Seventy-four school shootings since December 2012. The Reynolds High shooting is the 37th one just this year. They happened all over the country, from Maine to Indiana to Georgia. A widely shared map on Vox pinpoints the constellation of horrors since Sandy Hook. One school shooting is an outrage. Seventy-four is an epidemic.
“There’s no advanced, developed country on Earth that would put up with this,” President Obama said in a Tumblr chat after the shooting. “This is becoming the norm and we take it for granted in ways that, as a parent, are terrifying to me.”
And in all these cases, the clear culprit is how easily accessible deadly firearms are in this country.
Yes, mental illness is also an issue that needs to be addressed. But, as Obama said, “The United States does not have a monopoly on crazy people.”
Let’s be clear: Shootings are not a mental health issue. Shootings are a gun control issue. Gun violence should not be a normal hazard of being in school. It is unacceptable to trade the safety of our children for the right for free and unfettered access to arms.

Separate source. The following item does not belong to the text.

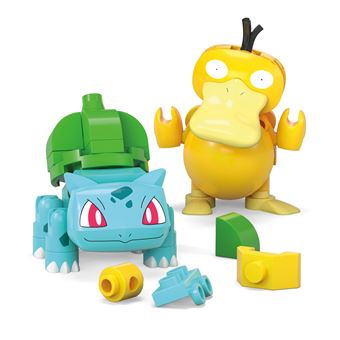 PACK 2 POKEBALL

I grew up in Alabama, a place where guns are a regular part of life. Hunting is part of the culture. I am friends with many responsible gun owners, people who keep their firearms strictly locked away, who are absolutely as horrified by the violence of school shootings as I am. I do not believe that gun owners are inherently bad or crazy or stupid.
Here is what I do believe. I believe that the problem is that they system of purchasing and regulating weaponry in the United States does very little to distinguish between someone who uses their rifle for target practice on the weekends and someone who intends to use a firearm to kill a kid. The problem is that it is easier to buy a gun than a six-pack in many states. The problem is that any attempt to regulate guns—to enact a licensing system that would, as for a car, require a potential gun owner to pass a safety test, to require a universal background check—is immediately seen as an assault on Second Amendment rights. The problem is the attitude, so succinctly and callously expressed by Joe the Plumber in the wake of the Santa Barbara shootings: “Your dead kids don’t trump my constitutional rights.”
His logic is faulty. The equation is not “Dead Kids = Constitutional Rights.” This is not “The Hunger Games.” Our failure to protect school-age children from guns is not something more guns will fix. It is time to banish this idea, that basic and sane gun regulation cannot be achieved while upholding the Constitution. It is just not true. These shootings are not inevitable. It is time to stop thinking that children are an acceptable price to pay.